- **Work request**
Extract, without alteration, each line from the start of the listing to the line bearing "cultured bacteria".
>>
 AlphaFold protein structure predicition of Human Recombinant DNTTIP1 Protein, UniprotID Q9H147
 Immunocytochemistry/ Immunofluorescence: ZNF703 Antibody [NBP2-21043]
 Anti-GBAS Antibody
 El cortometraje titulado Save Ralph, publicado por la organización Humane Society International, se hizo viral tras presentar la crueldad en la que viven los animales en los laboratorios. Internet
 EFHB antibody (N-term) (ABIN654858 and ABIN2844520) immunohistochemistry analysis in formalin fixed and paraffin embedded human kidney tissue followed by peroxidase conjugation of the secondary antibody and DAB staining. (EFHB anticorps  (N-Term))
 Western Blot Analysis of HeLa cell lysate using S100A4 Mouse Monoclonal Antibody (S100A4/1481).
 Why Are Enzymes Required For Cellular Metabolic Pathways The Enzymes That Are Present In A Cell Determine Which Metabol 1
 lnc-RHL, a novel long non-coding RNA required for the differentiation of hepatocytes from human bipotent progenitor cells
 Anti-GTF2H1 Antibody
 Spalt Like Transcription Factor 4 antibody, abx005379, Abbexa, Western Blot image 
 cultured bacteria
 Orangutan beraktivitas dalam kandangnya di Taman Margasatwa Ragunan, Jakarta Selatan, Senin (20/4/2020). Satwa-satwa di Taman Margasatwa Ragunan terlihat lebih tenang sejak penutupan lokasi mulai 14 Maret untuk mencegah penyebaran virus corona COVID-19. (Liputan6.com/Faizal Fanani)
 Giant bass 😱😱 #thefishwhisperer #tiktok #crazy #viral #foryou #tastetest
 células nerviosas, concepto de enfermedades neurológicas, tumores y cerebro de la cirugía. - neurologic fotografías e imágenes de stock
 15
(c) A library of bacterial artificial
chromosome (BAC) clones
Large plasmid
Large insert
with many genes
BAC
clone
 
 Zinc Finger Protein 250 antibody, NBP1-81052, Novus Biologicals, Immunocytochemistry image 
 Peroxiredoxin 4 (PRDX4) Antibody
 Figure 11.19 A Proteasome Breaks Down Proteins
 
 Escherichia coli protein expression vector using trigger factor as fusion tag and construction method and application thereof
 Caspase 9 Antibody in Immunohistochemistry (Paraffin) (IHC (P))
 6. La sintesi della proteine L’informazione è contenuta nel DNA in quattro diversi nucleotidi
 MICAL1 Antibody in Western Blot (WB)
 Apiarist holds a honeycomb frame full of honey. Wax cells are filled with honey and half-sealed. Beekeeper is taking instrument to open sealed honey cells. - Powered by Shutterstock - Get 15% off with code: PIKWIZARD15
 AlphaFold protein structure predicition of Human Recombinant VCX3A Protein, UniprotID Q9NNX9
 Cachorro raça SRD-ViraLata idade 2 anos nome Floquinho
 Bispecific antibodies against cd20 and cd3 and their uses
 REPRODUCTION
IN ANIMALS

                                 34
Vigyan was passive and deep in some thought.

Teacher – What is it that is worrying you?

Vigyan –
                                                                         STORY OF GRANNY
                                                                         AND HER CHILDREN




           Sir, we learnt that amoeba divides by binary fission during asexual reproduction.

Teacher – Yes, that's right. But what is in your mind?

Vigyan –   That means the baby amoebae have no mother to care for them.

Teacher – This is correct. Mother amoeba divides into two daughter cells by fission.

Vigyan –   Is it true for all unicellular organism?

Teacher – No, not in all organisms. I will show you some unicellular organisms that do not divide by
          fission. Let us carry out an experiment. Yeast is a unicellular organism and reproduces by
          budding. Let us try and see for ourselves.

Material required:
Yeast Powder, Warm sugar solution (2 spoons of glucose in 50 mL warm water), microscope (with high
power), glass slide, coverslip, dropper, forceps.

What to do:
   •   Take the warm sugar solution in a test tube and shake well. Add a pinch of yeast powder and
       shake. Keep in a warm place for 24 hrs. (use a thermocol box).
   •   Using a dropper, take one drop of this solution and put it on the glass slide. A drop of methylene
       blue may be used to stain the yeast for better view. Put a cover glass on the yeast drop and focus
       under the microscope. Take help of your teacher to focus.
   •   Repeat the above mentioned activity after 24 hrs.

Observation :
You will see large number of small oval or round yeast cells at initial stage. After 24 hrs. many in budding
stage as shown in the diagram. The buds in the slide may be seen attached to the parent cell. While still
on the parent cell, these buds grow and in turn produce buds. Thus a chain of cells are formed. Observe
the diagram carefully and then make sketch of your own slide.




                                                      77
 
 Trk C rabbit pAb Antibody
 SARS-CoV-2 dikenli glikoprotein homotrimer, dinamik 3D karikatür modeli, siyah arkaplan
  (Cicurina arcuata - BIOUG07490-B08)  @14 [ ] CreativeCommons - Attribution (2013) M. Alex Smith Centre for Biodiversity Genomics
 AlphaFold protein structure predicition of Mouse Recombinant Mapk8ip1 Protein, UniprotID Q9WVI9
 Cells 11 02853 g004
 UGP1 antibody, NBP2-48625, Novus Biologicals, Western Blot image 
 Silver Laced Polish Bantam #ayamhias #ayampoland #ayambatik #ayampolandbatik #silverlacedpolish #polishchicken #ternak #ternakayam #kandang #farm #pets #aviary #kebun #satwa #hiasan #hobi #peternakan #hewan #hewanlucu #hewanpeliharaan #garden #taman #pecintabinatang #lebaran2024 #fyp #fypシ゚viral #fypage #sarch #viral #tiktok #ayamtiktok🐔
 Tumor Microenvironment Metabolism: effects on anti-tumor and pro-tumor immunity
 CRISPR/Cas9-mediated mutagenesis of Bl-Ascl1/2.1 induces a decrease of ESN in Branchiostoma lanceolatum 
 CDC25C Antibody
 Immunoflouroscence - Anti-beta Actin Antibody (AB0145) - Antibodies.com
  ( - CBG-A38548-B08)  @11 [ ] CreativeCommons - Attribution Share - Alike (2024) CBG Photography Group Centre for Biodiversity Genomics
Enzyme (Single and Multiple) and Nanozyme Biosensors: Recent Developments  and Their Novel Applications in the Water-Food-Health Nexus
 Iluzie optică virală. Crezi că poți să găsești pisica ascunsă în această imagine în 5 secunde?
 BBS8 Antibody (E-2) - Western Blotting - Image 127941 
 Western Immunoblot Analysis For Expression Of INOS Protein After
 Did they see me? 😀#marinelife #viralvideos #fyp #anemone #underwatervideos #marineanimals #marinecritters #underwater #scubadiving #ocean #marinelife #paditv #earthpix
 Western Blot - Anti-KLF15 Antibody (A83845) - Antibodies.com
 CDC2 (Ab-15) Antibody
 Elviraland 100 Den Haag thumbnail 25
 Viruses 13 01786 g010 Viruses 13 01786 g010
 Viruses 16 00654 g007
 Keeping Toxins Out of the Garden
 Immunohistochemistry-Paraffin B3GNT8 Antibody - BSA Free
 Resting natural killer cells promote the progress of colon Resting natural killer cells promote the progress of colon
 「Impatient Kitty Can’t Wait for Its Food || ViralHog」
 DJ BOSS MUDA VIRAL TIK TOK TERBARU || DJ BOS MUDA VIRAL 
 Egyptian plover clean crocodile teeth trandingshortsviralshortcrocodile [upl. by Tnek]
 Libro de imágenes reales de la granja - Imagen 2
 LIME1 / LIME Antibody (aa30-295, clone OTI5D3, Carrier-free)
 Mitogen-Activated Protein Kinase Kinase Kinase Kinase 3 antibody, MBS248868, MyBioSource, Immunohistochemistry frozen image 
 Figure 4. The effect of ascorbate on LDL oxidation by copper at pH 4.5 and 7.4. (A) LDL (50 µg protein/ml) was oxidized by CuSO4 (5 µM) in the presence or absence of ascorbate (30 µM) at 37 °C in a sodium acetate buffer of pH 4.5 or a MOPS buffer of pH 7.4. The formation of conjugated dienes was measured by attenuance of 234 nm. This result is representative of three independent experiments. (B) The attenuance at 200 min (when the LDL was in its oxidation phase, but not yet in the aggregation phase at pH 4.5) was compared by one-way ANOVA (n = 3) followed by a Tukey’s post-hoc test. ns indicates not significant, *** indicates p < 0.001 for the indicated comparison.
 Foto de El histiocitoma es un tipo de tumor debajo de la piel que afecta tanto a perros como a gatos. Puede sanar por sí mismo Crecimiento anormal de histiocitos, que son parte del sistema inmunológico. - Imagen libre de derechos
<<
- **Output**
 AlphaFold protein structure predicition of Human Recombinant DNTTIP1 Protein, UniprotID Q9H147
 Immunocytochemistry/ Immunofluorescence: ZNF703 Antibody [NBP2-21043]
 Anti-GBAS Antibody
 El cortometraje titulado Save Ralph, publicado por la organización Humane Society International, se hizo viral tras presentar la crueldad en la que viven los animales en los laboratorios. Internet
 EFHB antibody (N-term) (ABIN654858 and ABIN2844520) immunohistochemistry analysis in formalin fixed and paraffin embedded human kidney tissue followed by peroxidase conjugation of the secondary antibody and DAB staining. (EFHB anticorps  (N-Term))
 Western Blot Analysis of HeLa cell lysate using S100A4 Mouse Monoclonal Antibody (S100A4/1481).
 Why Are Enzymes Required For Cellular Metabolic Pathways The Enzymes That Are Present In A Cell Determine Which Metabol 1
 lnc-RHL, a novel long non-coding RNA required for the differentiation of hepatocytes from human bipotent progenitor cells
 Anti-GTF2H1 Antibody
 Spalt Like Transcription Factor 4 antibody, abx005379, Abbexa, Western Blot image 
 cultured bacteria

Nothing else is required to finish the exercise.